In the introduction, the editors chart the history of the word sociabilité as well as the trajectories of related terms, such as société, politesse, and cercle. They guide us gently through many thickets of meaning, starting in the eighteenth century when sociability was deployed by the philosophes to describe an element of human psychology—a tendency to suppress personal interests in favor of the common good. In the nineteenth century, writers used sociability more narrowly to characterize the convivial practices of the ancien régime aristocracy and imbued the word with nostalgia for a lost, elegant world. In more recent decades, academic historians, such as Maurice Agulhon, Antoine Lilti, and Dena Goodman, have attempted to strip away the nostalgia in order to use sociability as an analytical frame for interpreting how members of the eighteenth-century elite formed connections with one another. The editors of Artistes, savants et amateurs don’t resolve the semantic ambiguity they find but leave us instead with an awareness of a varied conceptual landscape. Such an awareness equips us to then consider the editors’ central question: What might be the relationship between the history of sociability and the history of art? Contributors to the volume propose their own answers in five thematic sections.

The first section explores artists’ social performance: How, the authors ask, did artists fashion themselves in relation to elite codes of sociability? Focusing on England, Elisabeth Martichou explores the divergent attitudes of Jonathan Richardson, Joshua Reynolds, and James Barry. According to Richardson and Reynolds, painters should engage in conversation with members of the social elite and learn from it, potentially benefiting from the networks conversation opened up. In contrast, the politically radical Barry set himself apart from both his fellow artists and the aristocratic patrons they cultivated, rejecting Richardson’s and Reynolds’s vision of the painter-gentleman. As Esther Bell shows through a study of the career of Charles-Antoine Coypel, participation in elite sociable activities in France was also closely related to the business of art. Coypel’s involvement in the staging of private theatrical performances offered “new avenues for artistic and commercial success” (53). In building her argument, Bell contends with objects, such as Coypel’s pastel Folly Embellishing Old Age with the Adornments of Youth (1743), that have traditionally been viewed as “bizarre” (56) and resistant to interpretation. For historians of the material culture of sociability, making sense of such baffling works is a frequent challenge. Always on the outside of history, we work hard, at times with the aid of some tactical speculation, to get inside, to recover in-jokes and intimate meanings.
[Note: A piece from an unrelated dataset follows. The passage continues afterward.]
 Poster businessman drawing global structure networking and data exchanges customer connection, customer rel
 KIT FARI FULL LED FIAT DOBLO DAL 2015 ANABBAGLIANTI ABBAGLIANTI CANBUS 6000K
The next group of essays focuses on artists’ professional communities and how they overlapped with other social worlds. Susanna Caviglia, for example, explores the French Academy in Rome, under the leadership of Charles-Joseph Natoire, as a site of intersecting and sometimes conflicting artistic, elite, and diplomatic sociabilities, while Frauke Josenhans and Nina Struckmeyer map the social networks of German artists studying in Paris during the French Revolution. From these essays, the reader gets a feeling for the everyday lives of eighteenth-century artists and how social encounters shaped their educations and careers. A similar sense of the everyday is present in one of the standout essays in the book, Hannah Williams’s discussion of the Parisian church parish as a social space, one whose center, the church itself, was a place where art was displayed, creating a zone of interaction between artists and their local communities. Making clear the stakes of her inquiry, Williams criticizes accounts of eighteenth-century art produced by Thomas Crow and other art historians that focus on secular work, pointing out that “the most common art objects found in people’s homes were . . . images of the Virgin, the Holy Family, or Christ’s Passion” (101). She argues convincingly that many Parisian artists were enmeshed in their city’s religious life through their engagement with their parishes.  
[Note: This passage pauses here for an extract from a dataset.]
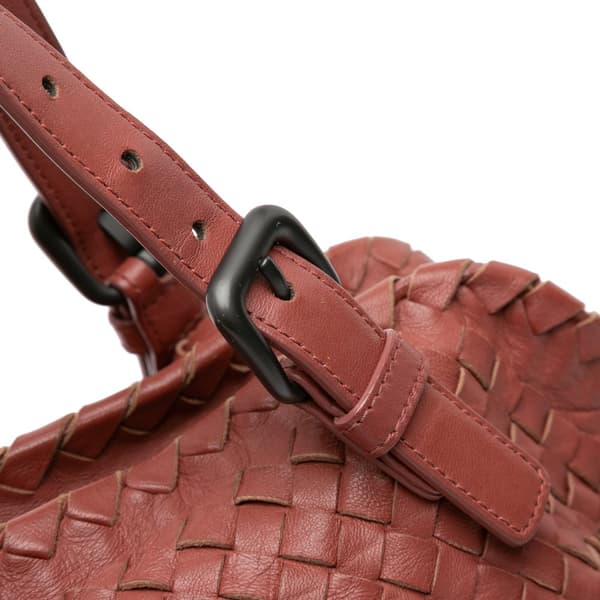 Pre-owned Bottega Veneta Nappa Intrecciato Tote Red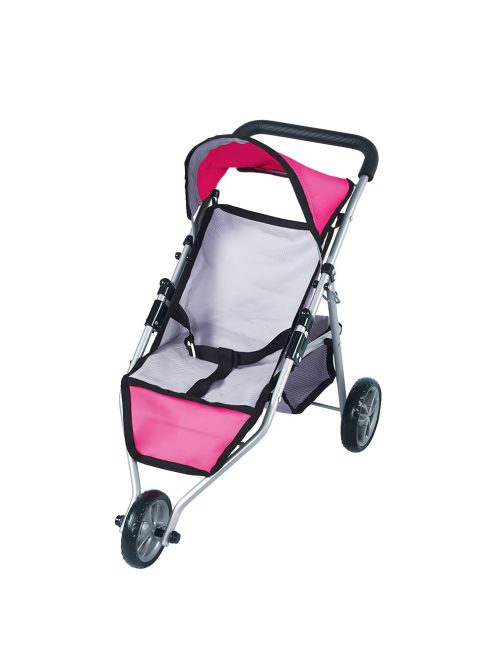 Качествена метална количка за кукла, розова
Maintaining the emphasis on institutions, Jessica Fripp opens the book’s third section, concerned with representations of sociability, with an excellent discussion of how artworks shown at the Salon in the eighteenth century were read as signs of "the friendship shared between artists” (116). If the essays in the previous section offer the reader beguiling moments of access to artists’ everyday lives, such fantasies of intimacy, Fripp reminds us, should be met with skepticism. Her goal “is not to claim that certain artists were ‘true’ friends while others were not” (116), but rather to think about how public displays of friendship could be beneficial to, say, portrait painters wanting to head off accusations that they were too interested in money. Further complicating Crow’s dominant story of eighteenth-century art, with its emphasis on the emergence of a public for art at the Salon, Fripp’s essay characterizes the exhibition as a place where artists and others blurred the line between public and private, to their strategic advantage.
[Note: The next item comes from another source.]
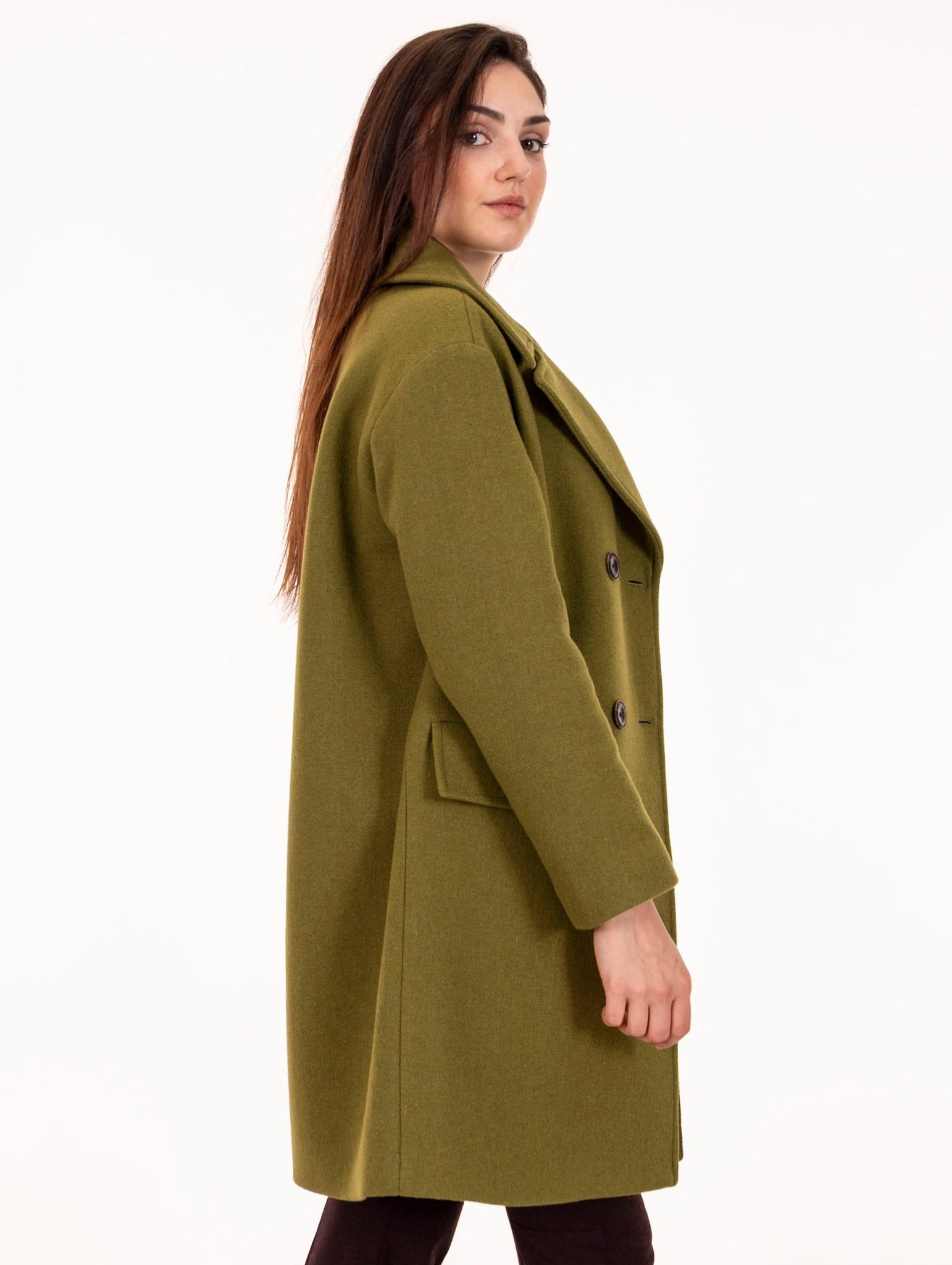 Cappotto Doppio Petto Alpha Studio in Twill di Lana Pistacchio AD-4710N2006 Alpha Studio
The ostensible theme of the book’s fourth section is place, but its essays are as much about fluidity as fixity, unpacking complicated relationships linking places, texts, objects, and social interactions. Several of the chapters examine how texts, reading practices, and encounters with reproduced images supported a public for art in the eighteenth century. Gaëtane Maës thinks about how artist biographies and art dictionaries created the basis for conversations about art, while Valérie Kobi explores Pierre-Jean Mariette’s struggle to give his absent correspondents a faithful idea of artworks they have not seen but that he wishes to discuss. Noémie Étienne also explores the intersection of texts, objects, and social networks in her case study, which examines a shift in foreign attitudes toward the French conservation of artworks seized during the 1790s. Seeking to understand the reasons for a change from criticism to praise, Étienne charts the various roles played by paintings, an exhibition display and catalogue, and newspaper accounts. She doesn’t stop there, asking: How might we, as art historians, rethink sociability? Her answer seems right and productive: we are well placed to approach the significant role played by objects in shaping sociable interactions. As Étienne, and many other contributors show, sociability should be seen as a set of practices that were substantially mediated by experiences of materiality.

The final section, on “models of sociability,” includes an essay by Bernadette Fort that looks at Élisabeth Vigée Le Brun’s memoirs. Showing that Vigée Le Brun foregrounds her participation in eighteenth-century aristocratic rituals of sociability, Fort argues that the text intervenes creatively in a masculinist tradition of writing about artists’ lives indebted to Giorgio Vasari’s foundational example. The piece is a welcome discussion of gender, which is a surprisingly muted theme in the book overall. There were certainly opportunities across the essays to think more about, for instance, the relationship between cultural constructions of masculinity and sociability. Note, too, the book contains no discussion of the intersection between France’s colonial practices and sociability, surely a critical subject to be pursued.

Although Fort contrasts Vigée Le Brun’s self-construction with the mythic figure of the Romantic artist, a type in circulation when the memoirs were published in the 1830s, it is important to recognize that the figure of the sociable artist persisted into the nineteenth century. (François Gérard and Virginie Ancelot presented themselves to the world in this way, for example). Further, the nostalgia Fort finds in Vigée Le Brun’s text was a key element of the rhetoric used by nineteenth-century salonnières and salon participants to frame their sociable practices at a time when, paradoxically, salons had become more common. My point here is to put some gentle pressure on the volume’s end date of 1815, which unfortunately creates an artificial break precisely at a moment when many elite Frenchwomen and men sought to establish connections with the sociabilities of the past. Nevertheless, for an art historian of any period, this book offers a great deal: a useful mapping of definitions, a compelling set of case studies, and a powerful claim for why art history matters in a significant interdisciplinary conversation.